◆ Source data ◆
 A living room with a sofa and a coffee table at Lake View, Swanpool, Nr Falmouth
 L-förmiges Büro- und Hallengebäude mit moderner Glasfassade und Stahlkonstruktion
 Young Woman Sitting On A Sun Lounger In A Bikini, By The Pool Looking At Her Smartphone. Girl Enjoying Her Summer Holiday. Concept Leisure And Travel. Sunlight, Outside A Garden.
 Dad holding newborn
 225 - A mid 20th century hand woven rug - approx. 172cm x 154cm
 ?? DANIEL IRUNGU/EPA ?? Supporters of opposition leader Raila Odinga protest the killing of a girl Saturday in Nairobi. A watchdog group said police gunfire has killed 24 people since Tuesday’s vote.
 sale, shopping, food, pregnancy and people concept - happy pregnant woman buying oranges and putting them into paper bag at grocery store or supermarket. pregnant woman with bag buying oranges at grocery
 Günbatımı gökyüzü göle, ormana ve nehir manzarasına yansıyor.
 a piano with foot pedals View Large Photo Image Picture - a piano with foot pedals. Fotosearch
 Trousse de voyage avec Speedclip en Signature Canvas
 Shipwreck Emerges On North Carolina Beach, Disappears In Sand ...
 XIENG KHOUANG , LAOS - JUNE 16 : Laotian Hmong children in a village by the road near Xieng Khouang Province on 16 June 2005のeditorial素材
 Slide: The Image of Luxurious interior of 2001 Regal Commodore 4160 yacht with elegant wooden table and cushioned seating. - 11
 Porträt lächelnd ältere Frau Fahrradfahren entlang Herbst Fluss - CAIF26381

---

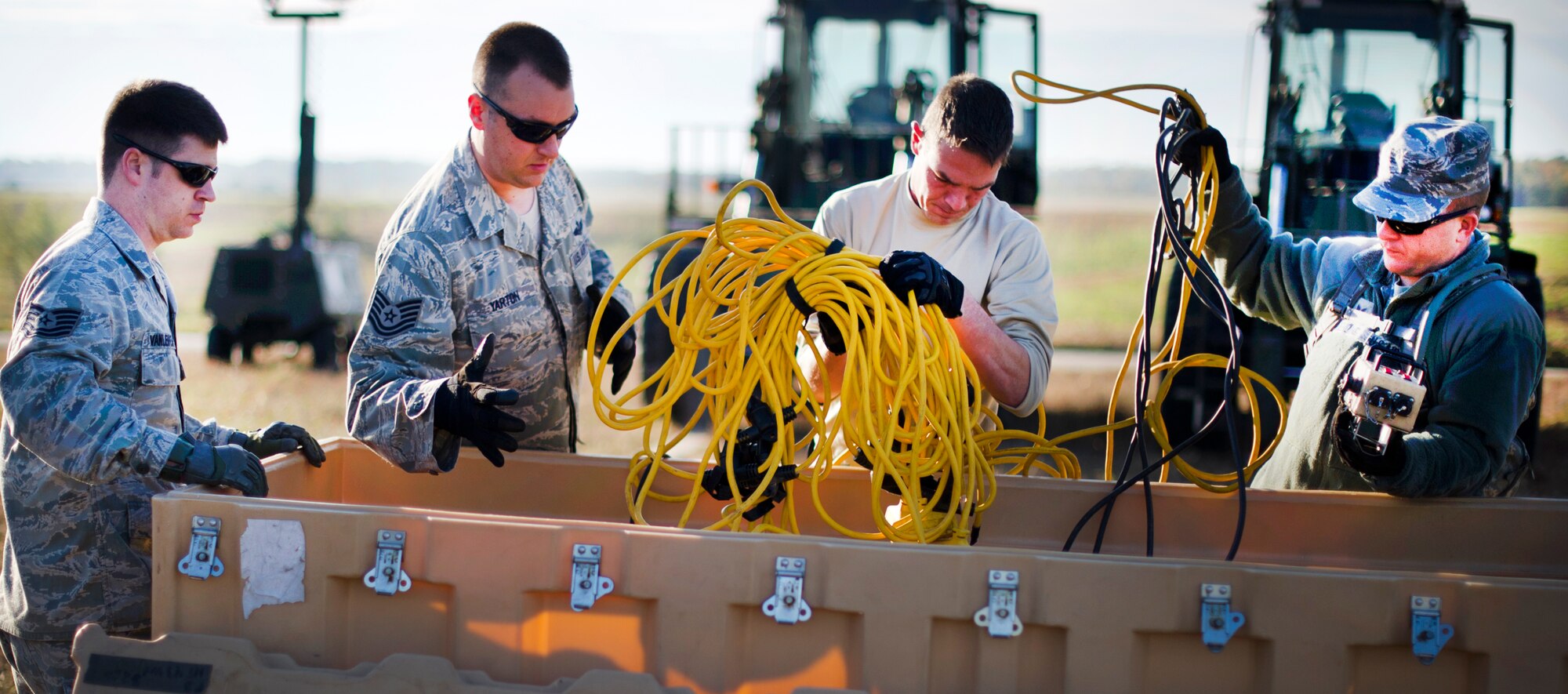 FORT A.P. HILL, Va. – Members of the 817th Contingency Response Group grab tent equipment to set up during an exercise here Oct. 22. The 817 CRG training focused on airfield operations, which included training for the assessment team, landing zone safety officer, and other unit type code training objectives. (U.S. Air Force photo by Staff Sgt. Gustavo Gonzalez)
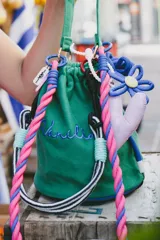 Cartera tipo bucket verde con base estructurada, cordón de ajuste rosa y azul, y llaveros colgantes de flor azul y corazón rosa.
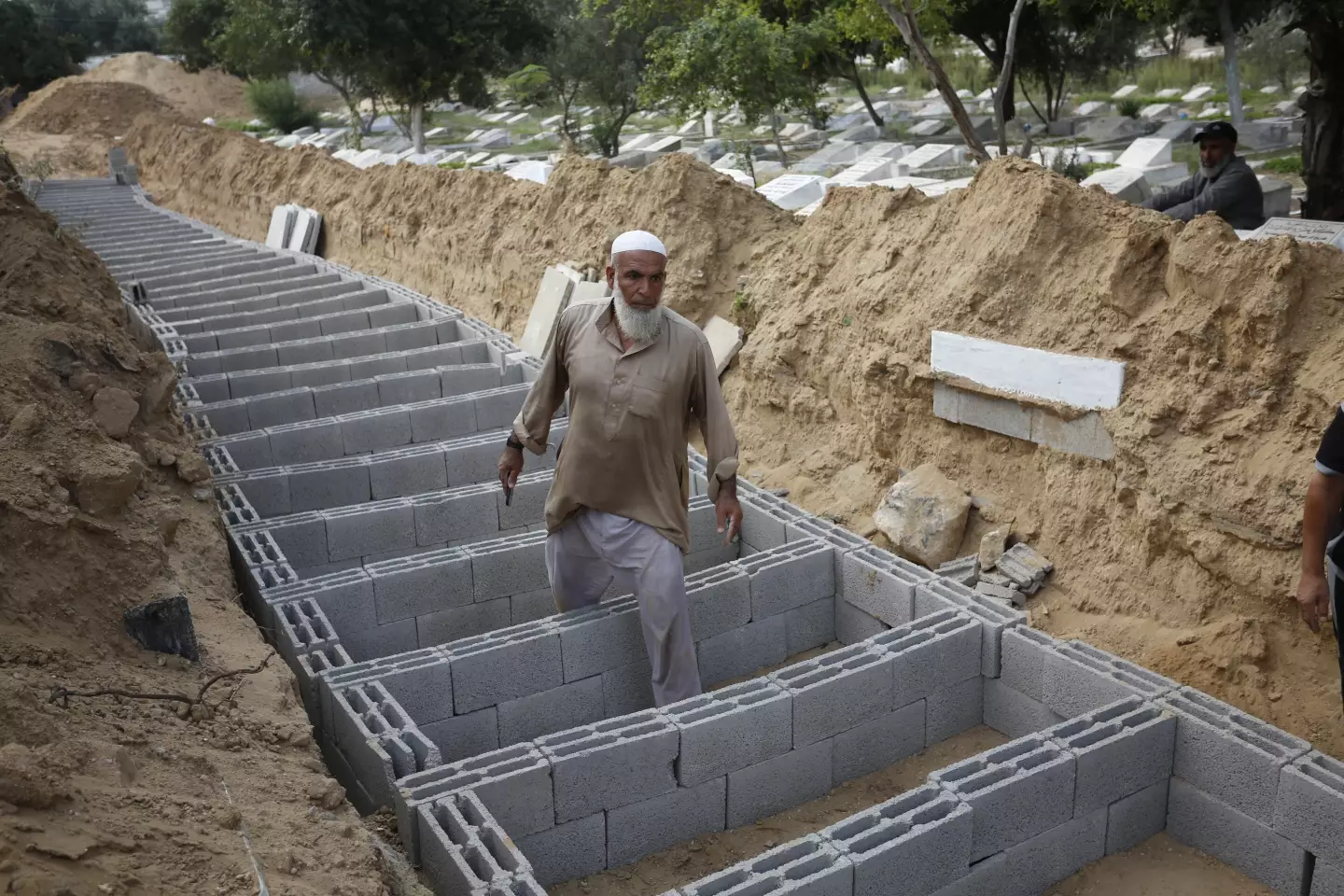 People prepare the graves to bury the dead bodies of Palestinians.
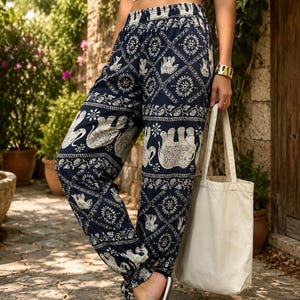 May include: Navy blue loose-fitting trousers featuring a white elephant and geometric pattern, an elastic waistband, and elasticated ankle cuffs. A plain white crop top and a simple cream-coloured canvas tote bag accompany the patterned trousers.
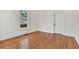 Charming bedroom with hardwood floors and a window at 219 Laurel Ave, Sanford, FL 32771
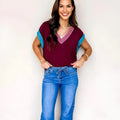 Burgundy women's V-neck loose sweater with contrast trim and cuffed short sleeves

* * *

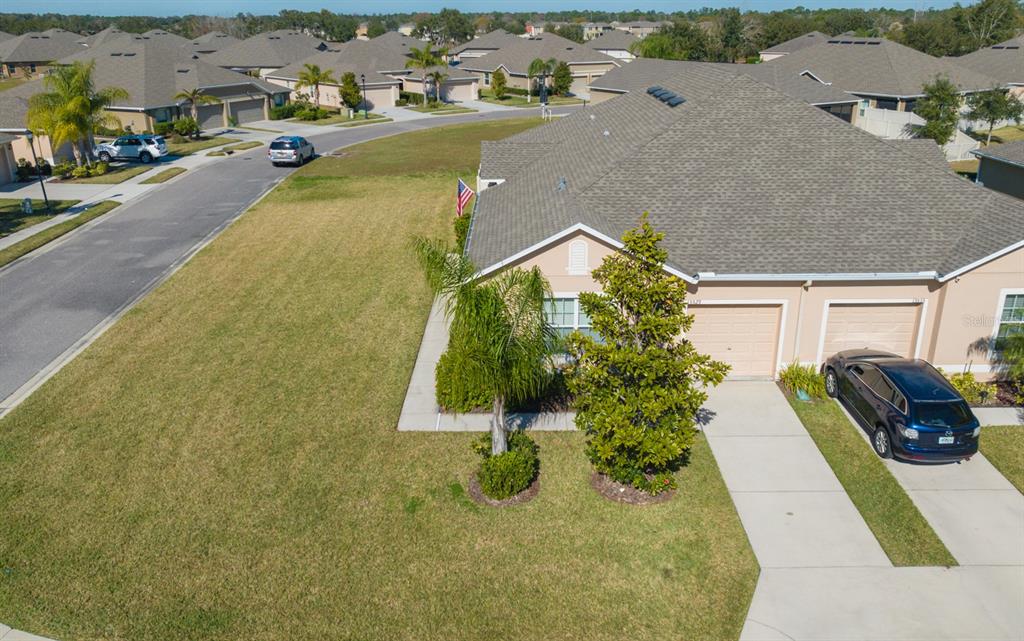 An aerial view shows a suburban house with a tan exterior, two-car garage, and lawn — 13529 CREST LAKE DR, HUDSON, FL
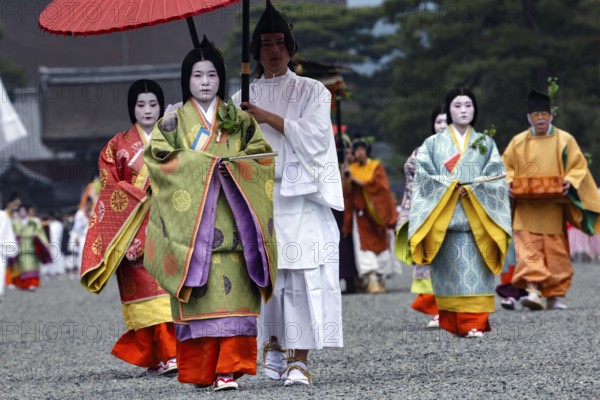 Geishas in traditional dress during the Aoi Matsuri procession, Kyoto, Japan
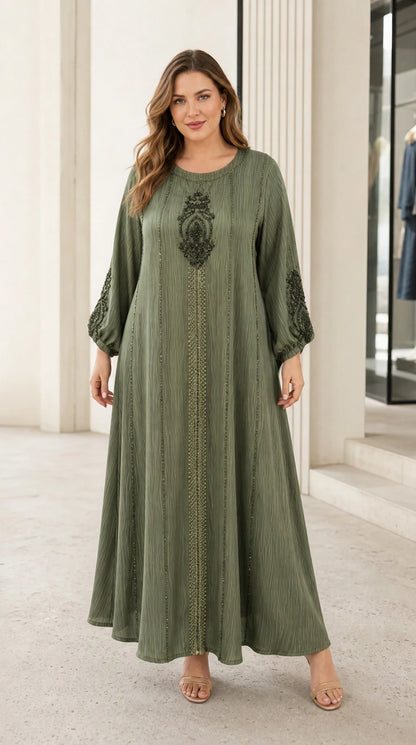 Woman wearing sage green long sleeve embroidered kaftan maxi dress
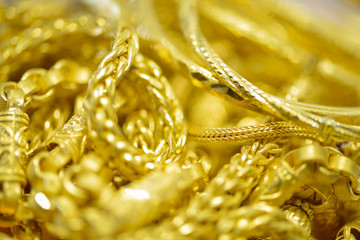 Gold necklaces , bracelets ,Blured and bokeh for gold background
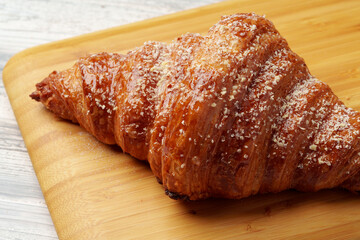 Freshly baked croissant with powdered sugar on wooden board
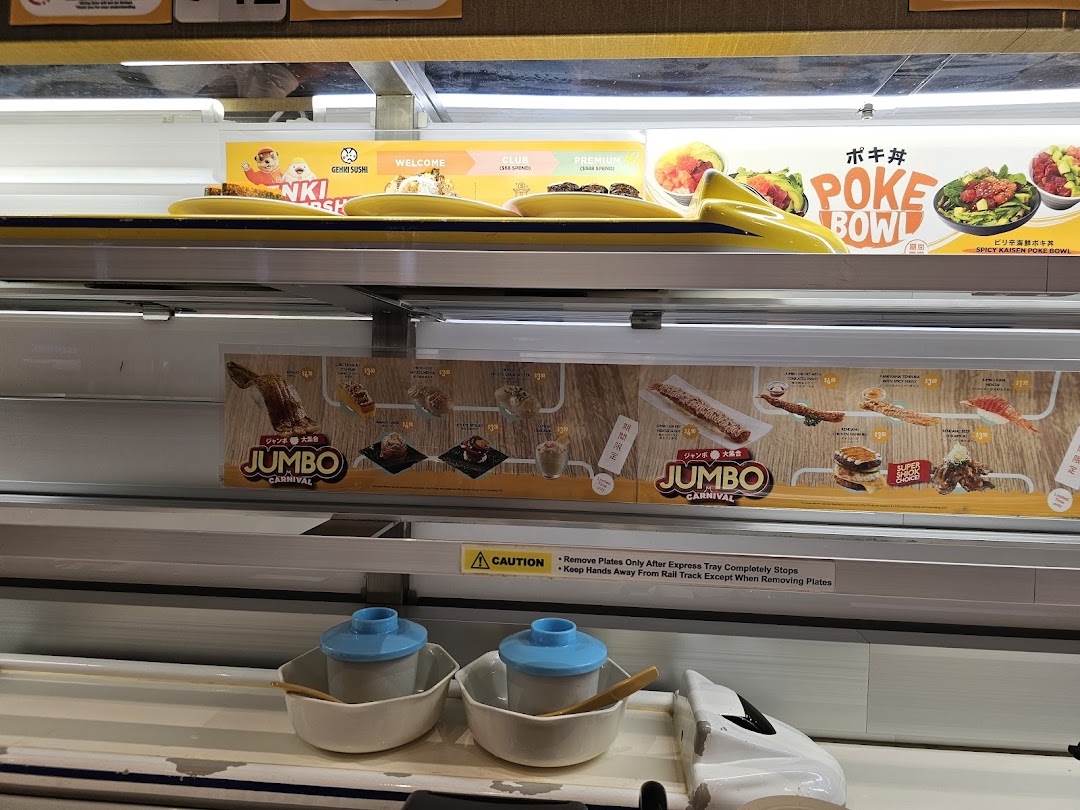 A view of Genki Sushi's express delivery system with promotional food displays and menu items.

◆ Problem ◆
Could you return exactly the stretch of the data above that starts at the line with "Slide: The Image" and ends at the line with "Porträt lächelnd ältere", both lines included?

◆ Solution to this exercise ◆
 Slide: The Image of Luxurious interior of 2001 Regal Commodore 4160 yacht with elegant wooden table and cushioned seating. - 11
 Porträt lächelnd ältere Frau Fahrradfahren entlang Herbst Fluss - CAIF26381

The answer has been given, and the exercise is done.